Top of DATA SEGMENT

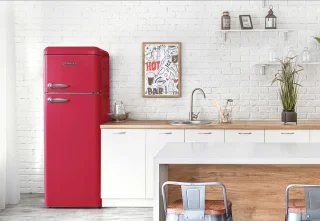 Schneider SCDD208VHAW koel-vriescombinatie vrijstaand 211L roze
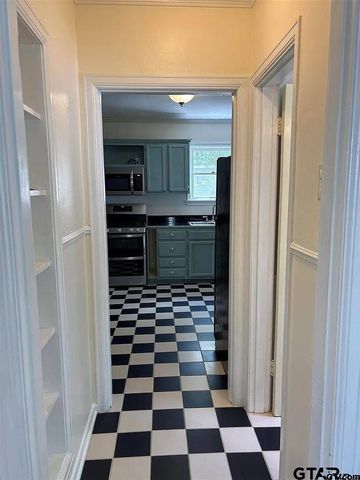 309 W Dobbs, Tyler, TX 75701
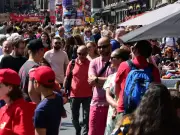 Royal Mile named worst tourist trap in UK by travel experts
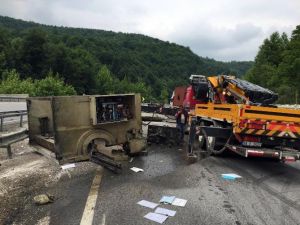 Bursa’da Dorsedeki Transformatör Düştü, Tır Yan Yattı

Bottom of DATA SEGMENT

Starting at the line that contains "309 W Dobbs, Tyler, TX 75701" and ending at the final line of the data, reproduce each line exactly. Pictures stay out of the copy.

 309 W Dobbs, Tyler, TX 75701
 Royal Mile named worst tourist trap in UK by travel experts
 Bursa’da Dorsedeki Transformatör Düştü, Tır Yan Yattı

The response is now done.